Antonio Todaro, il maestro dei maestri
Nel 1990 sono arrivata a Buenos Aires. Non sapevo una parola di castellano e non conoscevo nessuno. Avevo con me una lettera scritta dalla mia amica Florencia, una ragazza argentina che viveva a Venezia, che mi fece fare i primi passi di tango. La lettera era indirizzata al maestro Antonio Todaro, creatore massimo del più bel tango ballato. Florencia mi aveva spiegato che Antonio era il Maestro dei maestri e insegnava solo ai professionisti. Nella lettera, a parte i saluti, c’era scritto che ero una ragazza italiana col desiderio di imparare, che volevo vivere a Buenos Aires e per favore di accettarmi come allieva. Ricordo lo studio di Antonio, in Avenida Belgrano, una piccola stanza piena di foto, nella scuola gestita da Saverio Perre. Ricordo il cagazo che avevo mentre incontravo per la prima volta quest’uomo schivo, minuto con lo sguardo severo. Non posso dire che oggi, a vent’anni dalla sua morte il mio pensiero vada a lui, perché tutti i giorni Antonio è nel mio cuore irrequieto. Nei miei passi, nelle sequenze che insegno e in quelle nuove che creo. In tutti gli spettacoli dove ho ballato o che ho coreografato c’è l’anima di Todaro. Le sue lezioni erano asciutte, senza orpelli, senza benevolenza, ma piene di creativa bellezza. In quei pochi anni di frequentazione quotidiana si è creato un rapporto affettuoso, di severe lezioni ed indulgenti asados domenicali, ai quali partecipavo armata di mazzolini di fiori per Ines (la sua piccola moglie) e di ammirazione per lui.

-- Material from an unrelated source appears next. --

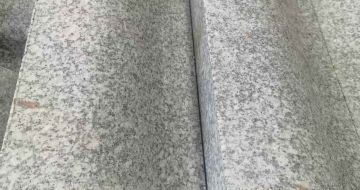 辽源芙蓉白S型拉丝面路沿石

Voglio bene ad Antonio e gli sono grata per avermi messo in mano le chiavi d’oro della porta della fantasia, della creatività, della conoscenza e per avermi aiutato a capire come il rigore e la forma devono vestire la sostanza. Con Antonio non ho più avuto paura di avere un carattere forte, di difendere la poesia che un giorno ho visto nel tango e alla quale non voglio rinunciare malgrado lo sfacelo che ha subito in questi ultimi anni. E mi aggrappo ad un pensiero, ad un passo, al suo sorriso asciutto e mite. E tutto è vivo, familiare ed odora di buono.